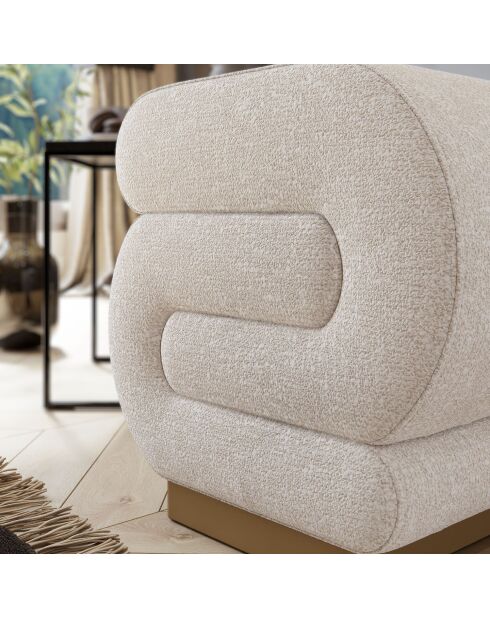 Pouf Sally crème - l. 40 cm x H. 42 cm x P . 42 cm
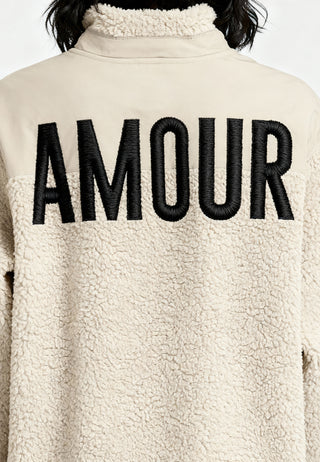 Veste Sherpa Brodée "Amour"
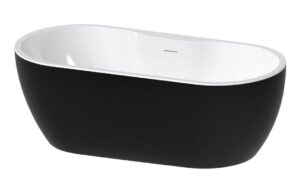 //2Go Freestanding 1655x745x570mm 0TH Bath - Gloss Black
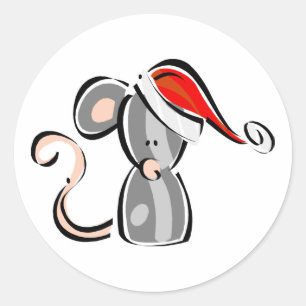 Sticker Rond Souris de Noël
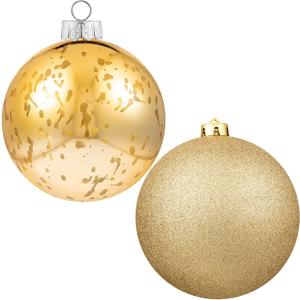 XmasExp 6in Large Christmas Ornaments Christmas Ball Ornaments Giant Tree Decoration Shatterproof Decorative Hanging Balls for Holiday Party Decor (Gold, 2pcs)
---
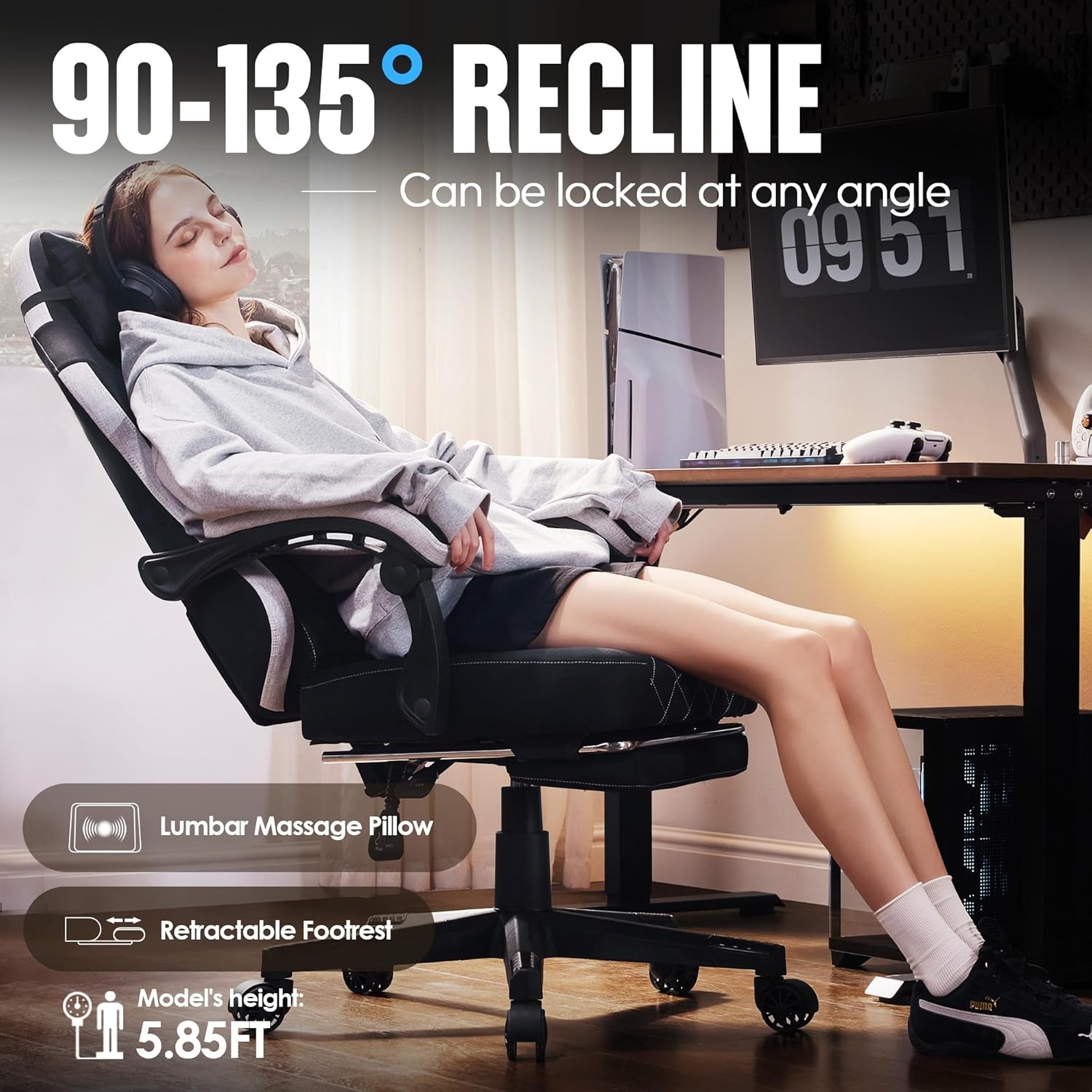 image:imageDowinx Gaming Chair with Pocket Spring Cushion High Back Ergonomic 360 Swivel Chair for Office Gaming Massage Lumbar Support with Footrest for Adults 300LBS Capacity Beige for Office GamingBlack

WHAT YOU NEED TO DO: Looking at the listing above, which lines run from the one containing "- Gloss Black" through the one containing "XmasExp 6in Large"? Print exactly those, ends included, pictures excluded.

EXERCISE SOLUTION:
 //2Go Freestanding 1655x745x570mm 0TH Bath - Gloss Black
 Sticker Rond Souris de Noël
 XmasExp 6in Large Christmas Ornaments Christmas Ball Ornaments Giant Tree Decoration Shatterproof Decorative Hanging Balls for Holiday Party Decor (Gold, 2pcs)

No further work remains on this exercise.